Violences à l'école : "Il faut davantage de mixité sociale"
Une demi-douzaine d'actes de violence à l'égard de membres du personnel scolaire ont eu lieu en l'espace de quelques jours. La sociologue Marie Duru-Bellat, connue pour ses travaux sur l'école et le milieu éducatif, apporte des éléments d'explication.
Du 6 au 17 octobre, pas moins de six cas d'agressions contre des membres de personnel scolaire ont été répertoriés. Des enseignants à Argenteuil (Val-d'Oise), Colomiers (Haute-Garonne), Calais (Pas-de-Calais) et Strasbourg (Bas-Rhin), et des proviseurs à Epinay-sur-Seine et Tremblay (Seine-Saint-Denis) ont reçu des coups dans le cadre de leur fonction de la part d'élèves ou de personnes extérieures.
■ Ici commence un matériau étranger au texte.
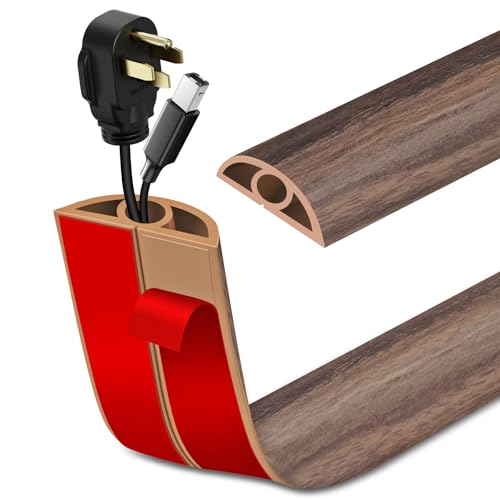 LSGCQ Floor Cord Cover Self Adhesive Cord Hider Floor Extension Cord Covers for Floor Power Cord Protector Cable Management Prevent Cable Trips Cable Cavity 0.32" W x 0.32" H (Smoked Brown Wood, 10Ft) - Image 1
Si aucune coordination ne semble possible entre ces événements, leur simultanéité peut surprendre. Franceinfo a interrogé la sociologue spécialiste de l'école Marie Duru-Bellat pour essayer de comprendre cette flambée de violence.
Franceinfo : Dans vos recherches sur l'école, voyez-vous des éléments qui peuvent expliquer les violences physiques contre le personnel scolaire ?
Marie Duru-Bellat : J'observe deux tendances longues, de fond. La première est d'ordre général sur la jeunesse. On a souvent tendance à dire que ça ne va pas bien. Ce qui se traduit par des problèmes d'intégration de nombreux jeunes, notamment chez ceux qui sont peu instruits.
La seconde est liée à la stratégie pour lutter contre l'échec scolaire. On garde les jeunes longtemps à l'école, dans les filières générales, même lorsqu'ils sont en situation d'échec. Cela nourrit des ambitions et crée des désillusions. Quand vous vous sentez nul pendant dix ans, cela peut poser des problèmes.
Observez-vous une augmentation de ces faits de violence contre une personne détentrice d'autorité, ou est-ce une malheureuse coïncidence ?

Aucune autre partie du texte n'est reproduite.